Dan Henderson believes he still has another UFC title run left in him

Dan Henderson returns to middleweight for the first time since 2010

Josh Hedges/Zuffa LLC/Zuffa LLC via Getty Images

At FOX UFC Fight Night this weekend in Sweden, Dan Henderson returns to middleweight for the first time since 2010, but his plan to drop back down to 185-pounds actually happened about a year ago.

Henderson defeated Mauricio ‘Shogun’ Rua last March in one of the best comebacks of the entire year, but following the victory he contemplated a move back down to middleweight where he was a title contender in his previous run with the UFC.

The UFC had other ideas.

"I think it was after I fought ‘Shogun’, I wanted to maybe move down to middleweight," Henderson told FOX Sports. "It felt like it was probably going to be a while to get a title shot at 205 and middleweight might be a little quicker at that time.  I told that to Dana (White) and he wanted me to fight D.C. (Daniel Cormier) anyways. I said alright and now I’m down at middleweight."

I wouldn’t be still doing it if I didn’t think it was possible

— Dan Henderson on making a title run at 44

The fight against Cormier was basically an unmitigated disaster for Henderson as he got tossed and trampled before getting choked out in the third round.  His loss ended up as highlight reel material for Cormier as he got ready for his showdown with Jon Jones at UFC 182, but even now Henderson refuses to look back at the decision to take the fight as a mistake.

"I don’t have regrets about that. I was just really light because I had back-to-back training camps and weighed in for D.C. at 199. I didn’t have a chance to get bigger.
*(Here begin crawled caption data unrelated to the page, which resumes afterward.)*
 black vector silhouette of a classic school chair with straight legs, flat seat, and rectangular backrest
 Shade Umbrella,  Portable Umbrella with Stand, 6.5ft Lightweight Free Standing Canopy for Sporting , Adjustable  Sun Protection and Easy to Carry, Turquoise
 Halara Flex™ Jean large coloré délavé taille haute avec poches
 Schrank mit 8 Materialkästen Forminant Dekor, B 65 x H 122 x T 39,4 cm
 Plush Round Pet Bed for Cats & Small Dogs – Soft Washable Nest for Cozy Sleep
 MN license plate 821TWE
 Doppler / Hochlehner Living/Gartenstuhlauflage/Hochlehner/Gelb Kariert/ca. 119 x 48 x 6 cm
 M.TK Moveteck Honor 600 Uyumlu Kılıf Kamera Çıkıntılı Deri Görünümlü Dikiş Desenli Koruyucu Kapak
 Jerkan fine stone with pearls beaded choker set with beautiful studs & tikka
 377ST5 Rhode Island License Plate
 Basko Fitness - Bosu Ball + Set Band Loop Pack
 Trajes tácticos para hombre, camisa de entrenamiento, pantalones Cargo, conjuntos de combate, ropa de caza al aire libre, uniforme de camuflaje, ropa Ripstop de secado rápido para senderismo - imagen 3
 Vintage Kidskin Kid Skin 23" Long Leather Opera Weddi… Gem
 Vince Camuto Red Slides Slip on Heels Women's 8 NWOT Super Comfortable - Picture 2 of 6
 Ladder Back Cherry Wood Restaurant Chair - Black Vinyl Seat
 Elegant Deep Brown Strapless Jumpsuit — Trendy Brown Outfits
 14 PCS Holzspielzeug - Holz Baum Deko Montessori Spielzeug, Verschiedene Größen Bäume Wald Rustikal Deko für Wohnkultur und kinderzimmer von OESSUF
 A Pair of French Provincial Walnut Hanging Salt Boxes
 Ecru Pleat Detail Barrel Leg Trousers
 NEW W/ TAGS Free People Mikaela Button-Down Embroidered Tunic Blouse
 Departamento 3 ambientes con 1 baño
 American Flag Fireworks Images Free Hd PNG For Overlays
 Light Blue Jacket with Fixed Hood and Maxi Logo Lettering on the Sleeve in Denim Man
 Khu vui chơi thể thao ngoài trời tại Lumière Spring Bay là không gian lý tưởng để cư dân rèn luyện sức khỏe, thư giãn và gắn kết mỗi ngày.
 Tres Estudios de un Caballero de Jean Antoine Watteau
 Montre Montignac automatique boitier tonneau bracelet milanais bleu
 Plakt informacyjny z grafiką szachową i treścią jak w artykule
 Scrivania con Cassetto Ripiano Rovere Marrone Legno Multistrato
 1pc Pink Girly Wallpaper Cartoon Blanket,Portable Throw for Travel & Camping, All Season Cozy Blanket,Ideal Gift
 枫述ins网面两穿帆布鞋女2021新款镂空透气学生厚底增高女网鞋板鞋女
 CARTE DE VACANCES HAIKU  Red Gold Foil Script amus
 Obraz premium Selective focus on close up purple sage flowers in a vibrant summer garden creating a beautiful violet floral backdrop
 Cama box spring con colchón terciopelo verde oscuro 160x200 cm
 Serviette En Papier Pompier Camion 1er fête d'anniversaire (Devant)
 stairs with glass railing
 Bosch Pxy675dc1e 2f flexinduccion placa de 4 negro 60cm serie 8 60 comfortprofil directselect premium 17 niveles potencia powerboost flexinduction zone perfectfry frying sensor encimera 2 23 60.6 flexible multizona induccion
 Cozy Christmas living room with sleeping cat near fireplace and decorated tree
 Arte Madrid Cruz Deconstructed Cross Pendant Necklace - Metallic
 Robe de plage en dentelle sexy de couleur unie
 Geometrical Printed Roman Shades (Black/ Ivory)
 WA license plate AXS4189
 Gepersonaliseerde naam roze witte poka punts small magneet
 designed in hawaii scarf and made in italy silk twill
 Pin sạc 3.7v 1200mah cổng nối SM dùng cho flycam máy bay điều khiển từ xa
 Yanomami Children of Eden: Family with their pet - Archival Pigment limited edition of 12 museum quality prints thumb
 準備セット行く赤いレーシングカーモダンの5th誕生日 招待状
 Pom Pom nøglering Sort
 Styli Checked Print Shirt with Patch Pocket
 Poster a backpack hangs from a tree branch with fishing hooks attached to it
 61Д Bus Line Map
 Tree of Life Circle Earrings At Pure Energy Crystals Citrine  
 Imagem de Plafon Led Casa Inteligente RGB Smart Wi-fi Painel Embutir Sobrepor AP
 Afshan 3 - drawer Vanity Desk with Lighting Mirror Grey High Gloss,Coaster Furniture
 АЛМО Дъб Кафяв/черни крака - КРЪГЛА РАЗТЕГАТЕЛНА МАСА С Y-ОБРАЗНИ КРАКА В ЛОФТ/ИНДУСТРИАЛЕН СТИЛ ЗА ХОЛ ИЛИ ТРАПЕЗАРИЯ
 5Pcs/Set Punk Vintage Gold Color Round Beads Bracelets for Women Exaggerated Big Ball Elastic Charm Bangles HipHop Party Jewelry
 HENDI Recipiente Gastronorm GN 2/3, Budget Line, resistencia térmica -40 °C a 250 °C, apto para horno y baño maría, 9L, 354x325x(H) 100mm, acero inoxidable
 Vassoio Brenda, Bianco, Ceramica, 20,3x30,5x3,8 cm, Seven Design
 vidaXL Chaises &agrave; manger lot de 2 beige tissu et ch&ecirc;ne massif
It was just one of those things," Henderson said.

While Henderson knows he came in extra-light for his last matchup at 205-pounds, he’s also aware of the questions that will undoubtedly come up this week as he makes his cut down to middleweight.

The last time Henderson fought at middleweight was in Strikeforce for a fight against then champion Jake Shields.  The day before the fight, Henderson stepped on the scale and looked completely depleted after a brutal weight cut to get down to 185-pounds.

Following the loss to Shields, Henderson moved back up to light heavyweight and even took a heavyweight fight against Fedor Emelianenko, but it seemed his days as a middleweight were long gone. 

Until now.

"Last time there were some other circumstances that made my weight pop up the last week.  It made the weight cut a lot tougher. My weight popped up the last week dealing with some medication.  This time is a little different," Henderson explained.  "Obviously, I’m not having to take medication that’s going to mess with my weight cut at all and I feel like I’m right on track. I’ve been eating really lean.  I’m down to about 200-pounds walking around before workouts so I’m right where I want to be."

For his first trip back to middleweight in nearly five years, Henderson will face former Strikeforce champion Gegard Mousasi in the co-main event in the UFC’s return to Sweden.

On paper, both men are staving off irrelevancy after a rough run in the UFC of late.  Henderson has gone just 2-4 since coming back to the promotion (with both wins coming over ‘Shogun’ Rua) while Mousasi has managed a paltry 2-2 record including a three-round drubbing courtesy of Ronaldo ‘Jacare’ Souza in his last fight.

Henderson has a much different narrative when looking at this matchup with Mousasi.  This isn’t a possible swan song to an iconic career.  This is his chance to beat a top 10-ranked middleweight and start his climb back up to another crack at a UFC title.

Maybe it’s wishful thinking considering Henderson is 44-years old and clearly has less years in front of him than behind, but don’t try to tell him he can’t make another run at the gold. 

If that’s not the goal, Henderson wouldn’t even bother doing this anymore.

"I wouldn’t be still doing it if I didn’t think it was possible," Henderson said about winning a UFC title. "It’s something you just have to wait and see how I feel at middleweight, but in practice I feel great.  My body’s doing what I need it to do.  I feel I’m improving every practice. Cardio’s where it needs to be as well so I’m feeling good."